(Stored entries)
- - -
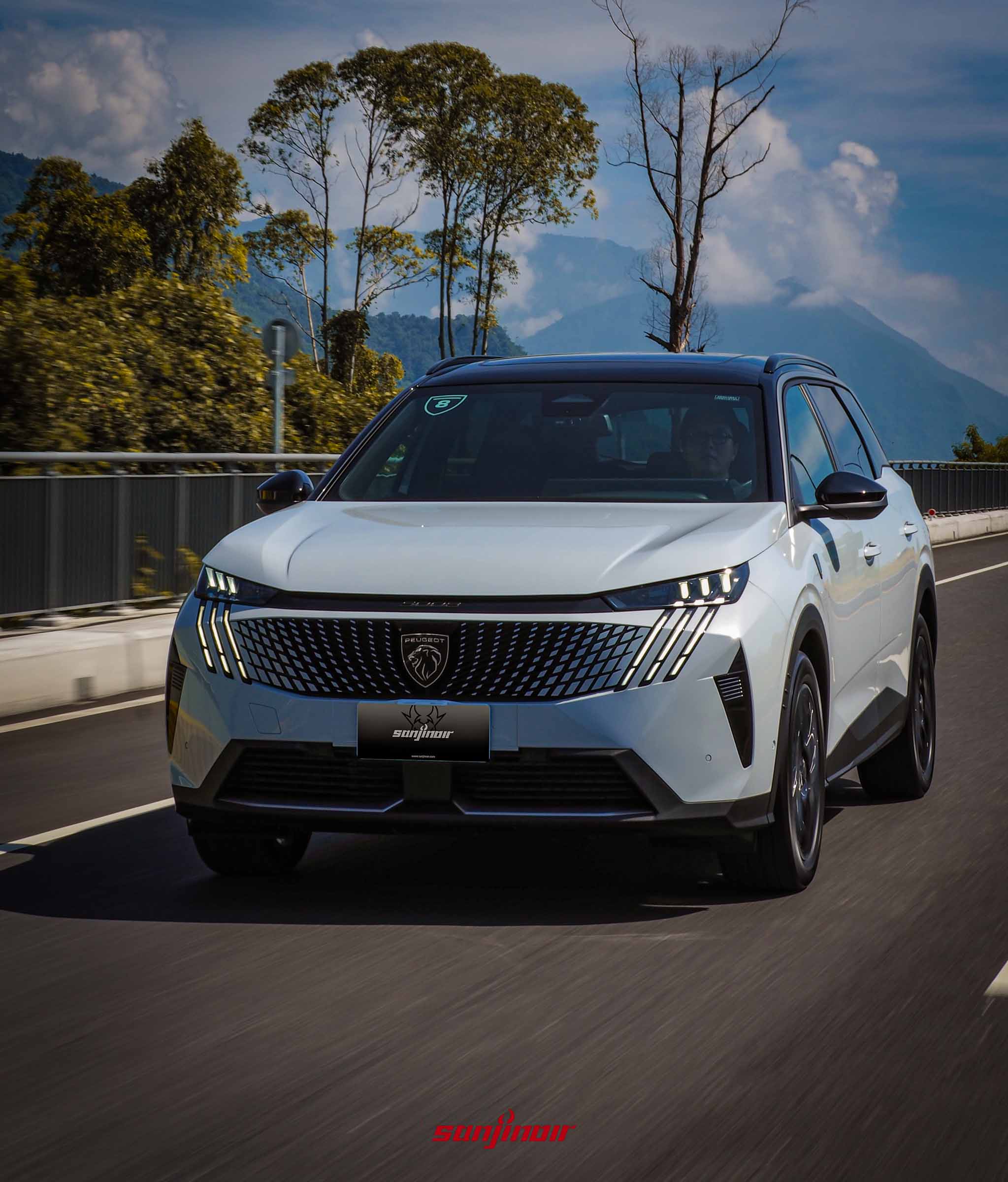白色PEUGEOT 5008在橋梁道路上行駛的動態照,背景為藍天白雲與連綿的翠綠山脈。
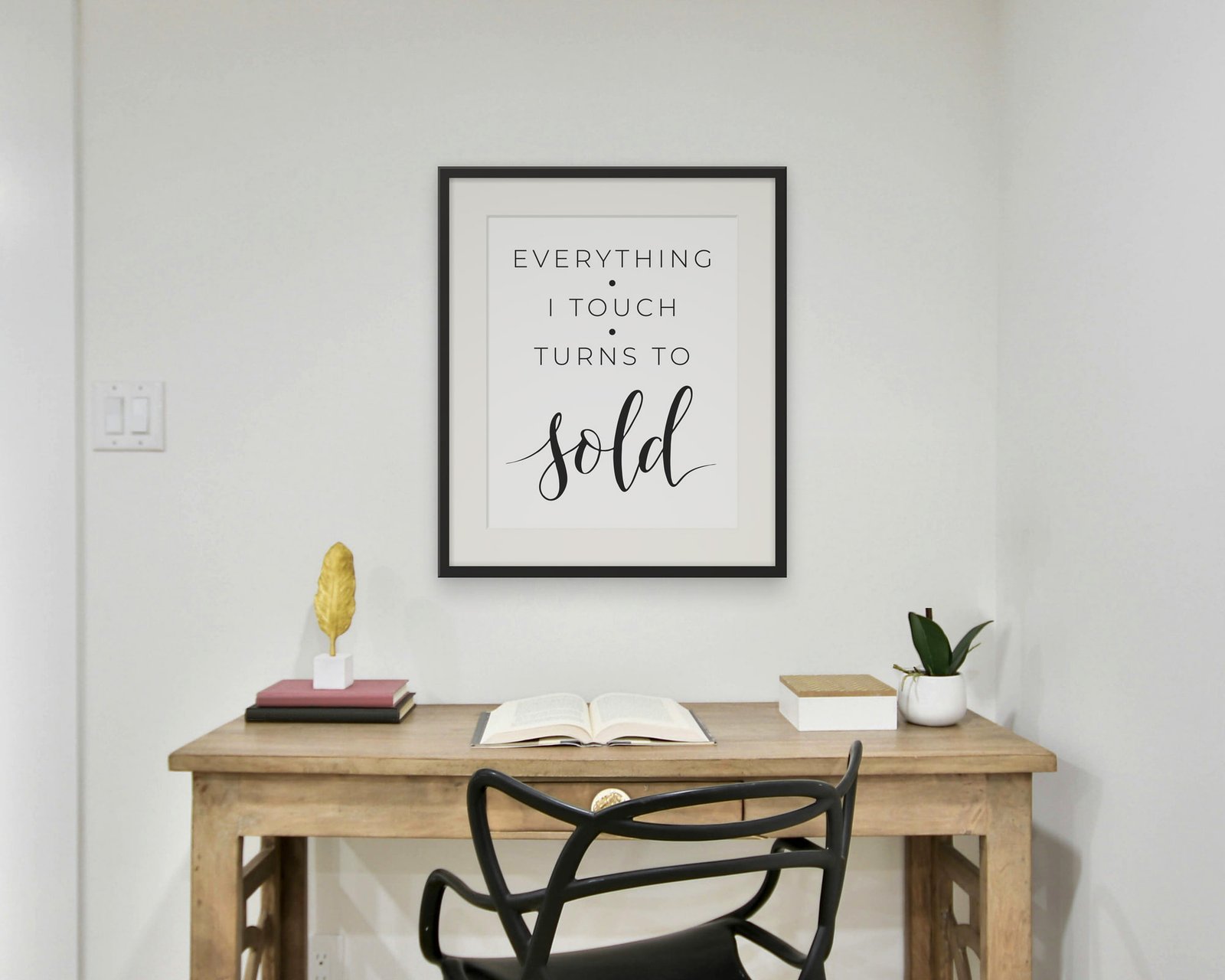 Everything I Touch Turns To Sold, Framed in a home office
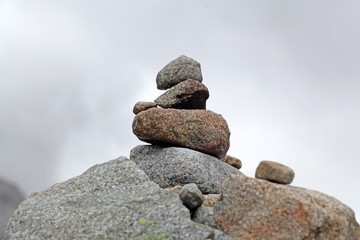 Fototapeta na wymiar Stack of stones in the mountains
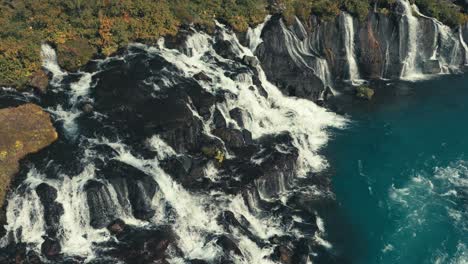 Incredibly-gorgeous-drone-aerial-of-green-pools-and-waterfalls-against-a-river-landscape-in-Gullfoss-Iceland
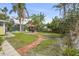 Landscaped backyard with a red brick patio and outdoor seating area, perfect for entertaining guests at 403 29Th Nw St, Bradenton, FL 34205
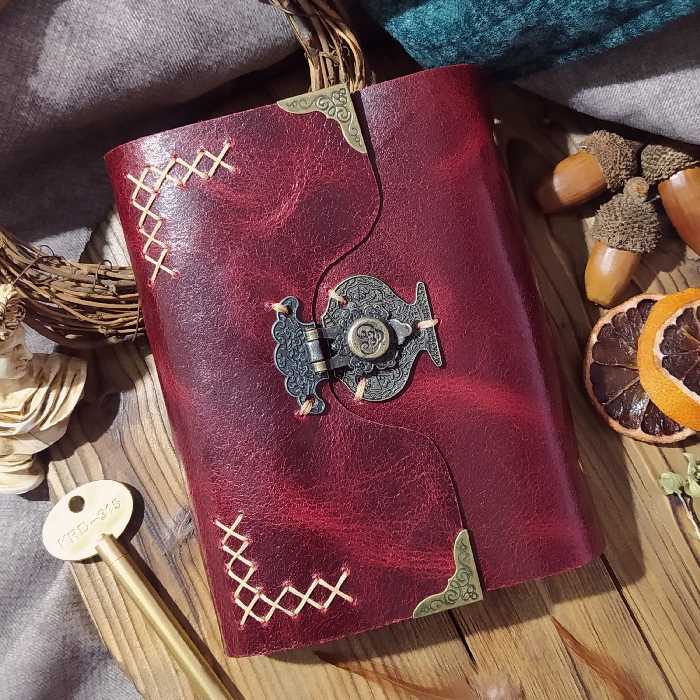 کلاسور چرمی 21 در 16  با چرم گاوی افکتی زرشکی ، یک جیب داخل جلد و دو ورقه چرمی برای زیر و روی کاغذا و صد برگ کاغذ خطدار 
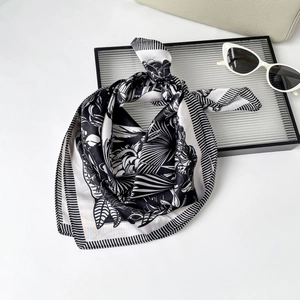 Detail view of a black and white French silk scarf with elegant botanical leaf prints
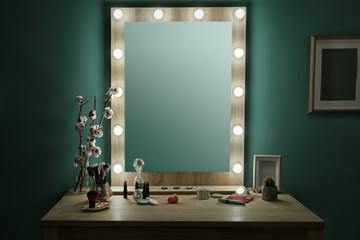 Decorative cosmetics and tools on dressing table near mirror in makeup room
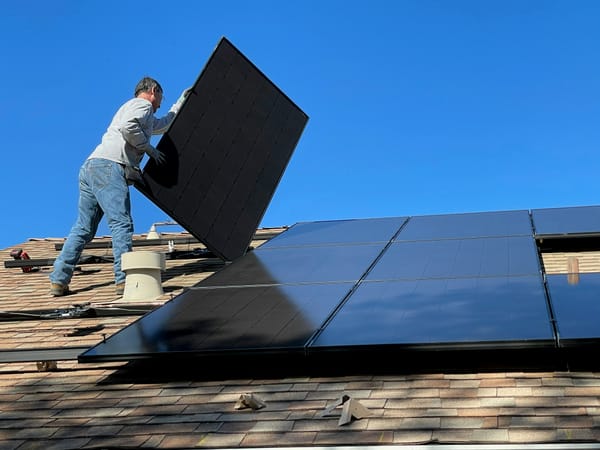 Ein Handwerker steht auf einem Dach und installiert dort ein neues Solarpanel.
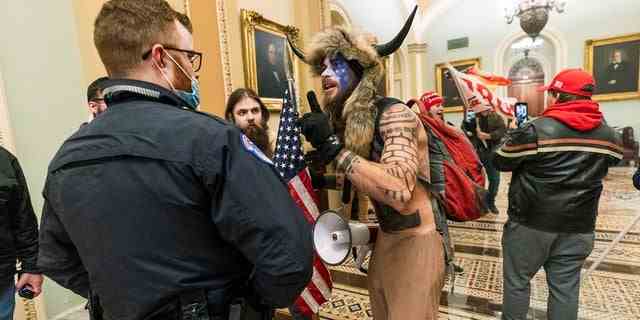 Anhänger von Präsident Trump werden von Polizisten des US-Kapitols außerhalb der Senatskammer im Kapitol konfrontiert.  (AP Photo/Manuel Balce Ceneta, Akte)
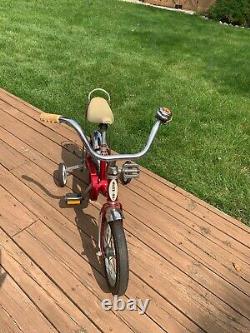 Schwinn Vintage Lil Tiger Stingray bike with training wheels, red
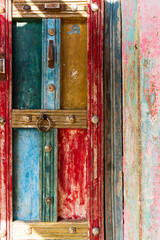 India, State of Gujarat, Bhuj, Meghwal. Bhirandiara. Painted door abstract.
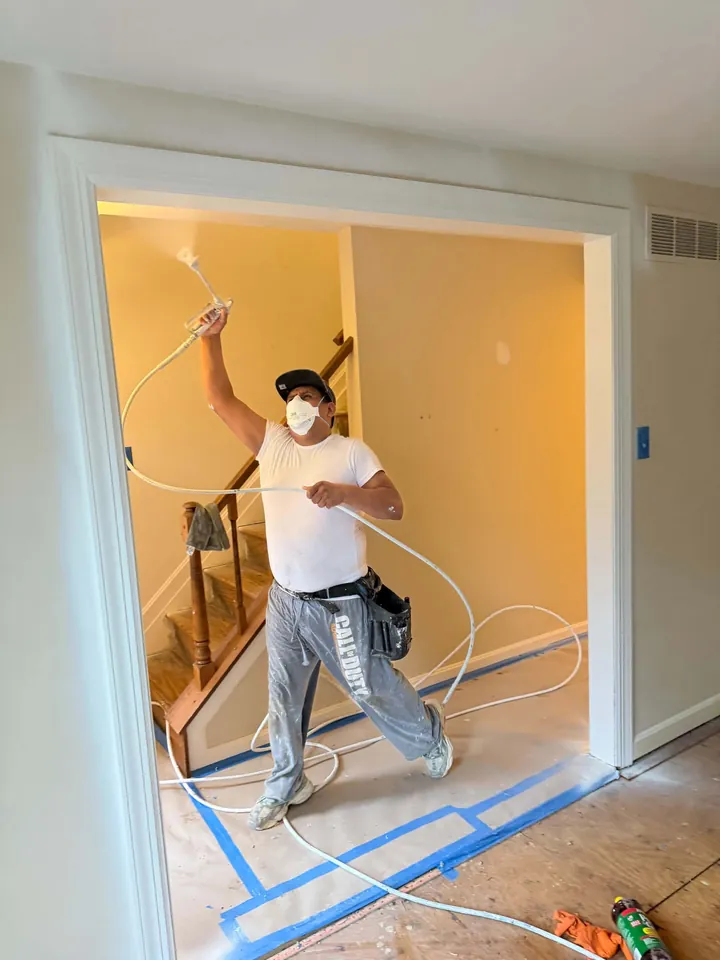 Painter working on interior walls with the floor protected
- - -
> Task to complete: Extract, verbatim and alone, the lines from the line that contains "Landscaped backyard with" to the last line of the records, inclusive; drop any picture.

> Written answer:
 Landscaped backyard with a red brick patio and outdoor seating area, perfect for entertaining guests at 403 29Th Nw St, Bradenton, FL 34205
 کلاسور چرمی 21 در 16  با چرم گاوی افکتی زرشکی ، یک جیب داخل جلد و دو ورقه چرمی برای زیر و روی کاغذا و صد برگ کاغذ خطدار 
 Detail view of a black and white French silk scarf with elegant botanical leaf prints
 Decorative cosmetics and tools on dressing table near mirror in makeup room
 Ein Handwerker steht auf einem Dach und installiert dort ein neues Solarpanel.
 Anhänger von Präsident Trump werden von Polizisten des US-Kapitols außerhalb der Senatskammer im Kapitol konfrontiert.  (AP Photo/Manuel Balce Ceneta, Akte)
 Schwinn Vintage Lil Tiger Stingray bike with training wheels, red
 India, State of Gujarat, Bhuj, Meghwal. Bhirandiara. Painted door abstract.
 Painter working on interior walls with the floor protected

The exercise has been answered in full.